Like I said that cost for the actual church rental is only $150. But on top of that we need to pay for the janitorial staff and the sound/light tech people. A janitor needs to be in the building while we are there - it is a rule that they have, and is probably an insurance thing too. We also use pew chairs in the sanctuary instead of wooden pews, and they will need to be moved to create a centre aisle, and then back again for the service Sunday morning. Someone needs to do this, and that person needs to be paid. The church is also pretty well wired when it comes to sounds and lights (it is an evangelical church with a worship band, instead of just an organ kind of place) and only the technical staff are allowed to use the equipment. Also understandable, and these people also need to be paid. The cost for the janitors is $20 an hour, and the tech staff is $40 an hour, for both rehersal and the ceremony.

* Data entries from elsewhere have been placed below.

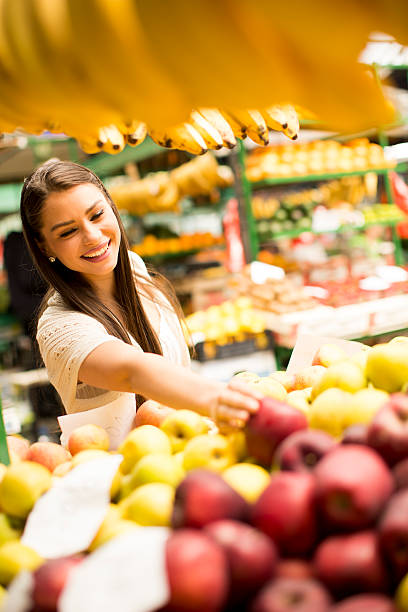 istock Young woman on the market 615744276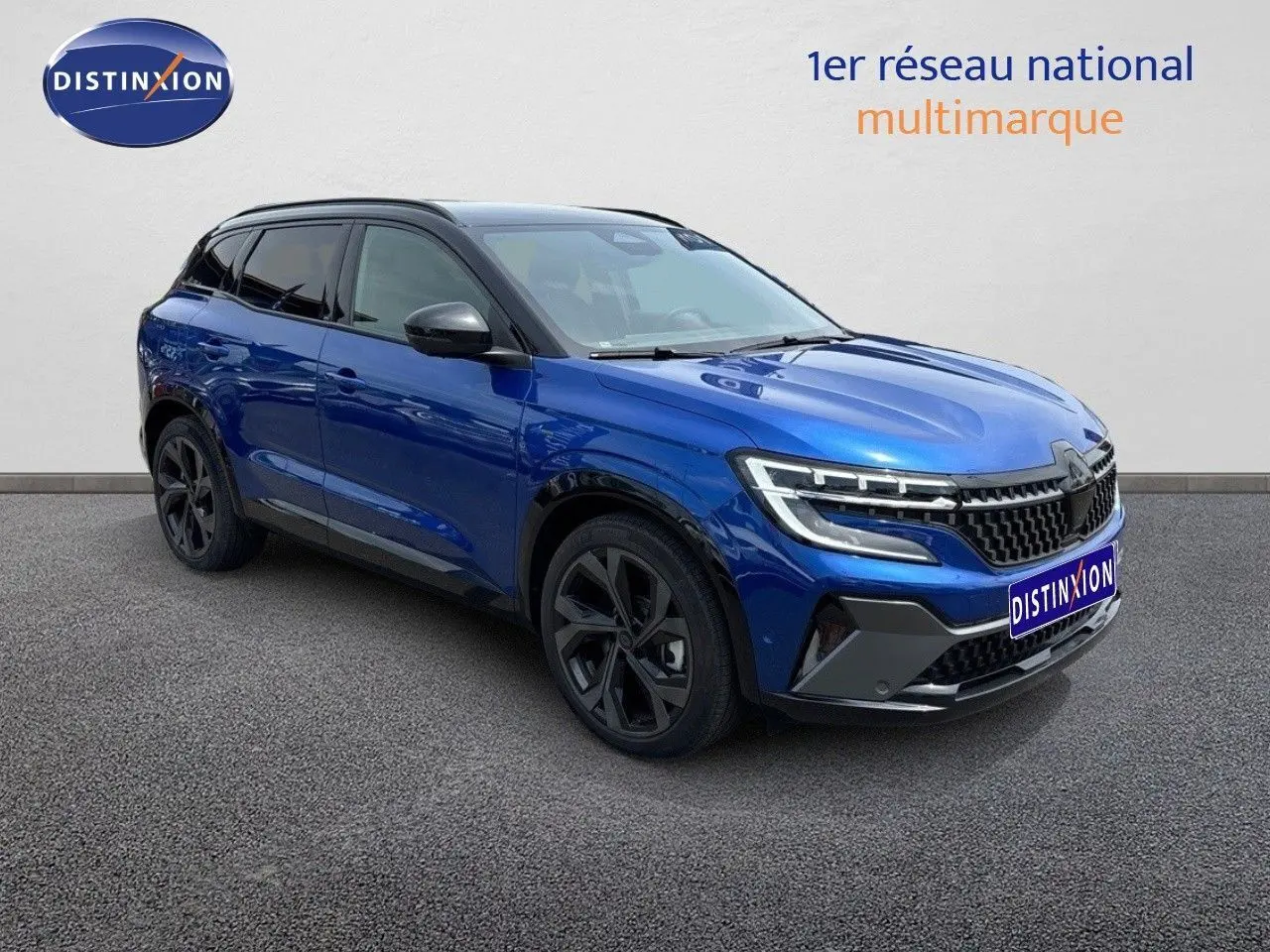 Renault Austral 2024 bleu Iron avec toit noir, vue 3/4 avant droit mettant en valeur ses optiques LED et jantes noires.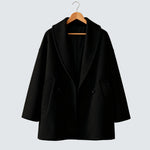 Black tweed-look wool coat with wide lapels, two front buttons, flap side pockets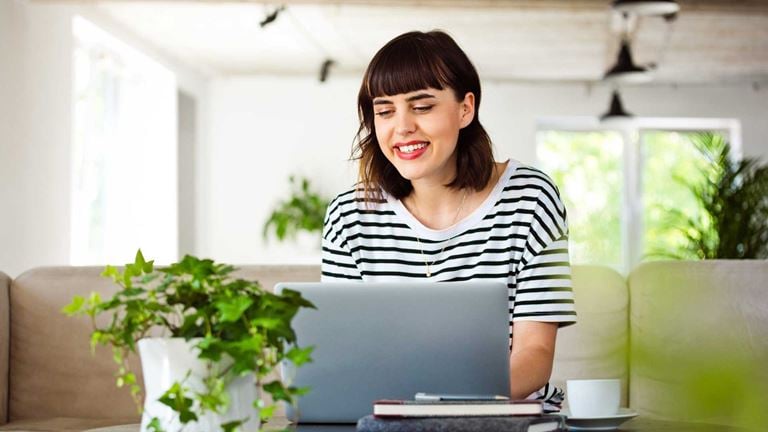 A woman on a video call smiling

The fee for counselling includes all materials. I don't have all of the details yet but I know we are using a set program. We have to go online and complete questionnaires beforehand. Three couples are getting married this summer so we are completing the program all together over a weekend, so the fee also includes meals. It is not like the Pastor is charging us to just chat with him in his office or anything like that.

So things cost money. I am ok with that, and it is all budgeted. I don't feel like anyone is profiting off of our wedding or anything like that. We live in a high COL area and it is just the way things are. C'est la vie.
post #59 of 60
no no no, that wasn't my point. it's all good to pay those fees to those people. my sister was married in her own catholic parish and paid for similar people to be there. i think it was $350. now, this is a "suggested donation"--and people get paid from it--and then they also recommend a "gift" for the alter servers. she found out from the priest that $10-25 ITunes gift cards were common for this.

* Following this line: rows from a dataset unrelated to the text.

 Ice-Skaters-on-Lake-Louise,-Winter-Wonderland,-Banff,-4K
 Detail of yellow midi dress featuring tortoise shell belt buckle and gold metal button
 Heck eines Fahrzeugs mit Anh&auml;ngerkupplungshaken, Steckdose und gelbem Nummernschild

but, i'm about saving money where one can.

so, if you would be happy to be married at home with the pastor there, then save that money and do it there.

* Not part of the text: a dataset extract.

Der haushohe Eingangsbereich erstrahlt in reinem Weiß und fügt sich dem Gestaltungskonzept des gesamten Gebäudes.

i really wanted a pot-luck wedding where i would have provided cake and beverages, but family on both sides said "no no no" and that it was "tacky." well, it's common for quakers, so they didn't know what to do with us. LOL

ah well. we had a good time.

and when it comes to weddings, that's what matters.
post #60 of 60
Dh and I were married by a JOP. We didn't have money for a wedding. The point of getting married is to be together, not to have a big party (I should not say this as I'm a wedding photographer LOL). If you really do want to be married and not simply co-parenting/co-habitating, then get married on the cheap...JOP or small chapel ceremony. Where I live, you can have a small chapel ceremony for $100. Dh and I did this as a vow renewal last year but the venue does 95% weddings. We spent around $450, which we'd saved up by setting aside $100/mo for several months and that included me making florals, my dress, a ton of food (Olive Garden catering menu) and the cake (I bartered that one).

So get married--either have a JOP ceremony with an inexpensive party, or save the party till later.